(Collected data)
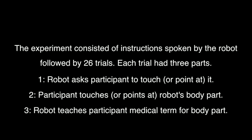The experiment consisted of instructions spoken by the robot followed by 26 trials. Each trial had three parts. The robot asks the participant to touch it, the participant touches it, and the robot teaches the participant the medical term for that body part.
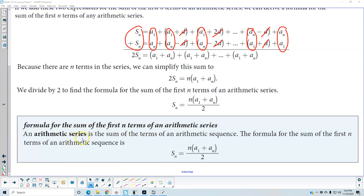An arithmetic series is the sum of the terms of an arithmetic sequence. The formula for the sum of the first n terms of an arithmetic sequence is S subscript n equals n times the quantity a subscript 1 plus a subscript n, divided by 2.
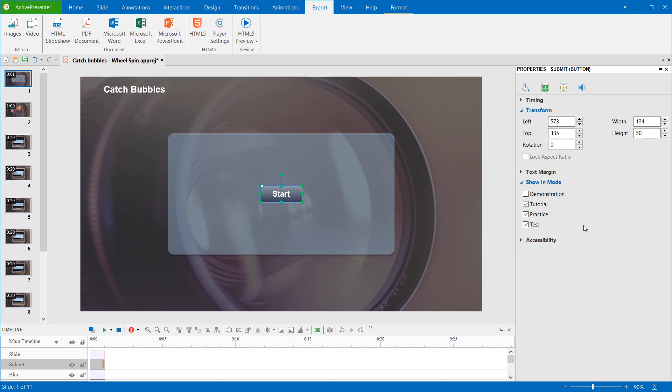That's all about HTML5 Preview and 4 Operation Modes in ActivePresenter 7. Thank you for watching and see you later.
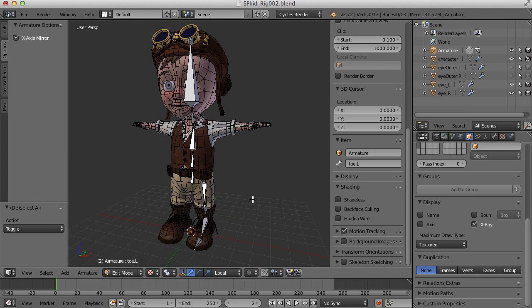Alright. Well in the next video we'll work on creating the bones for the fingers. And maybe we can get to mirroring the arm and the leg chains over to the other side. So thanks for watching. See you then.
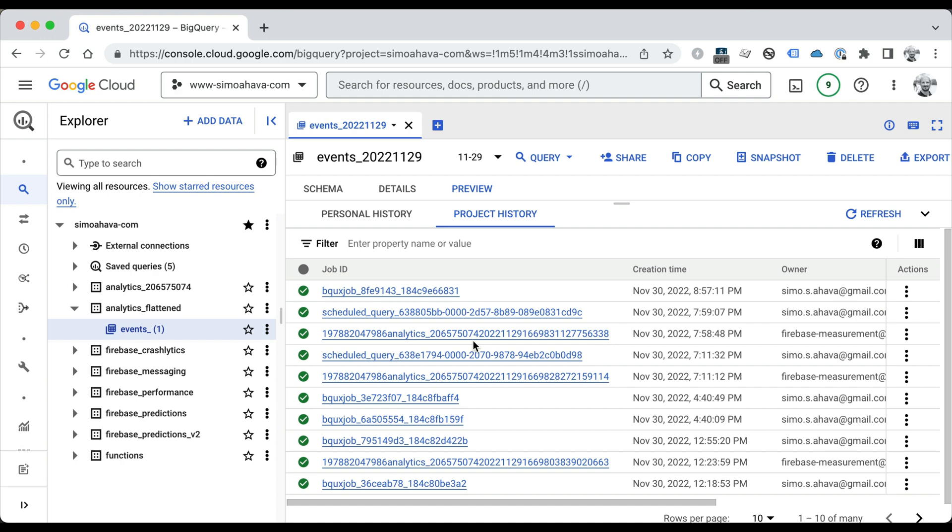Anyway, this has been hopefully an instructive walkthrough of how this all works. Remember to check the blog post for more details about how to set this up, and enjoy working on the Google Cloud Platform and building your own simple data pipelines.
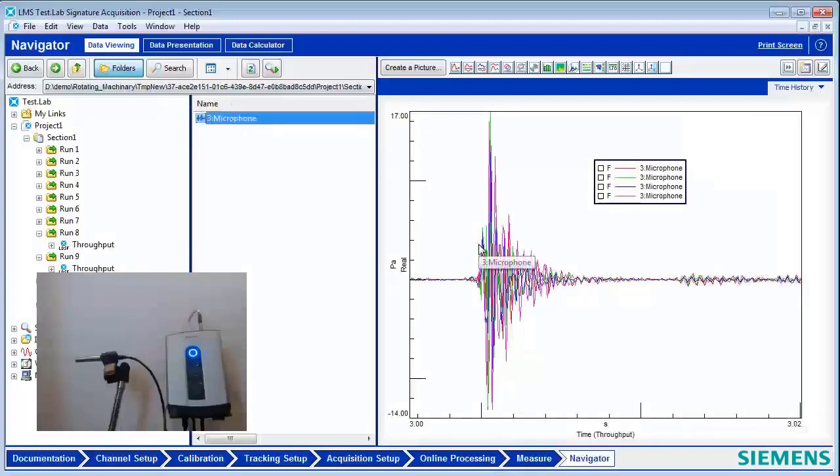Hope that was helpful explanation of how triggering can be used in LMS Test Lab Signature. Thank you.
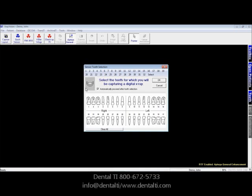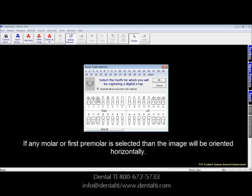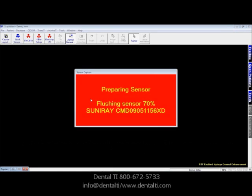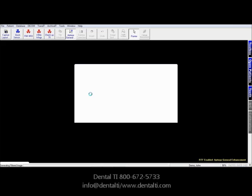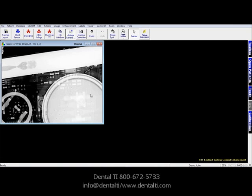Third step: tell the software by clicking the tooth number, or holding down the left mouse key and highlighting multiple teeth, what the region of interest is. The software prepares the sensor. Expose your X-ray. Here we're taking an X-ray of a key fob. You'll notice the images return properly oriented, and the tooth numbers are displayed on the title bar of the image.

* Task to complete
Pictures stay out; the data above is to be returned exactly.

* Solution for this task
The experiment consisted of instructions spoken by the robot followed by 26 trials. Each trial had three parts. The robot asks the participant to touch it, the participant touches it, and the robot teaches the participant the medical term for that body part.
An arithmetic series is the sum of the terms of an arithmetic sequence. The formula for the sum of the first n terms of an arithmetic sequence is S subscript n equals n times the quantity a subscript 1 plus a subscript n, divided by 2.
That's all about HTML5 Preview and 4 Operation Modes in ActivePresenter 7. Thank you for watching and see you later.
Alright. Well in the next video we'll work on creating the bones for the fingers. And maybe we can get to mirroring the arm and the leg chains over to the other side. So thanks for watching. See you then.
Anyway, this has been hopefully an instructive walkthrough of how this all works. Remember to check the blog post for more details about how to set this up, and enjoy working on the Google Cloud Platform and building your own simple data pipelines.
Hope that was helpful explanation of how triggering can be used in LMS Test Lab Signature. Thank you.
Third step: tell the software by clicking the tooth number, or holding down the left mouse key and highlighting multiple teeth, what the region of interest is. The software prepares the sensor. Expose your X-ray. Here we're taking an X-ray of a key fob. You'll notice the images return properly oriented, and the tooth numbers are displayed on the title bar of the image.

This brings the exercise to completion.